I am an enthusiast, but let me tell you what these tools will not do, because the marketing will not.

They will not understand what mattered. An AI summary weights what was said, not what was meant. The throwaway comment where a client hinted they were unhappy can end up as half a sentence in a summary, when a human note taker would have underlined it three times. Read the summaries with your own judgement switched on.

They occasionally invent things. Language models sometimes produce confident text that was never said, especially around numbers and names. It is rare with the good tools, but rare is not never, and if the note is going into a client file, it needs human eyes first.

They change the temperature of a conversation. Some people speak less freely when they know a machine is listening, and a few will refuse outright. Respect that. Have a fallback of old fashioned handwritten notes and never bury the recording disclosure hoping nobody notices, because that road ends with a complaint to the ICO.

And they will not fix a bad meeting. If the conversation was aimless, the AI will faithfully produce an aimless summary. Agendas still matter. The Raconteur research quoted a recruitment director calling Britain's meeting load a significant loss of productivity that UK employers cannot afford, and no notetaker changes that. What it changes is whether the meetings you do hold produce something durable.

What to Do This Week

If you have read this far, here is the practical path. Install Fathom or Granola today, both free, and use one on your next three internal meetings. Add the recording disclosure line to your calendar template and your privacy notice at the same time, and jot a short legitimate interests assessment, one page is fine. After three meetings, check the notes against your memory and ask one question: did anything get captured that would previously have been lost? In my experience the answer arrives fast, usually in the form of an action item you had already forgotten you agreed to.

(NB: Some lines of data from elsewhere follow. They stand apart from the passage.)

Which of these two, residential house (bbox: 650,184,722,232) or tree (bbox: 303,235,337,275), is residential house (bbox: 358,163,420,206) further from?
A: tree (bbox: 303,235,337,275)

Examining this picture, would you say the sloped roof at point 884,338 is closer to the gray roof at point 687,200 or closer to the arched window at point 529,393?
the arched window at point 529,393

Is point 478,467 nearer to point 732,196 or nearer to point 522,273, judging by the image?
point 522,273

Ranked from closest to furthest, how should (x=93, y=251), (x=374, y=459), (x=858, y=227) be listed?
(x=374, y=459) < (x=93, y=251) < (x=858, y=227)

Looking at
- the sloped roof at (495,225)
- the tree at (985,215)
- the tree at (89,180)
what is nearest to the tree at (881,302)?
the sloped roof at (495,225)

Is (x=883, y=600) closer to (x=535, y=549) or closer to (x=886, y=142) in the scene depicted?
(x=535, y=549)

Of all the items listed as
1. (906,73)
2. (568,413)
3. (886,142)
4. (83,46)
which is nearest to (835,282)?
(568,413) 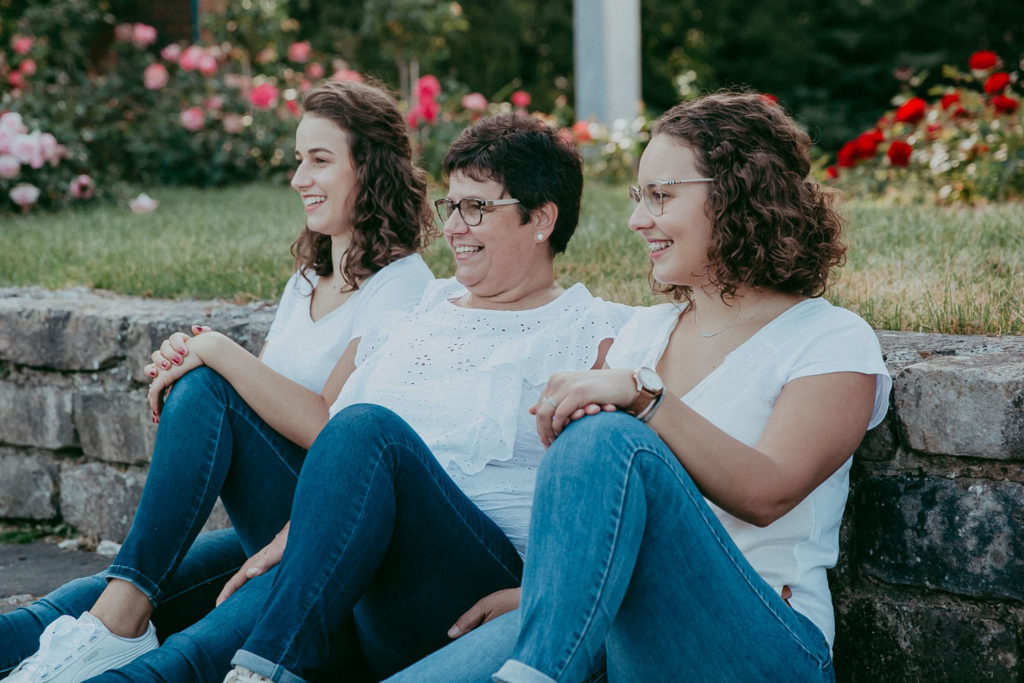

If the habit sticks and your notes need to reach a CRM, budget roughly £8 to £16 per user per month for Fireflies or a Fathom paid tier. If you are in a regulated profession, book demos with the UK specialists instead and ask hard questions about data location, training opt outs and audit trails. Either way, AI meeting notes are one of the very few workplace AI applications that reliably pay for themselves in the first month, provided you do the unglamorous parts: tell people, check the output, move the actions, delete the audio. Do those four things and you genuinely will never write minutes or forget a client call again.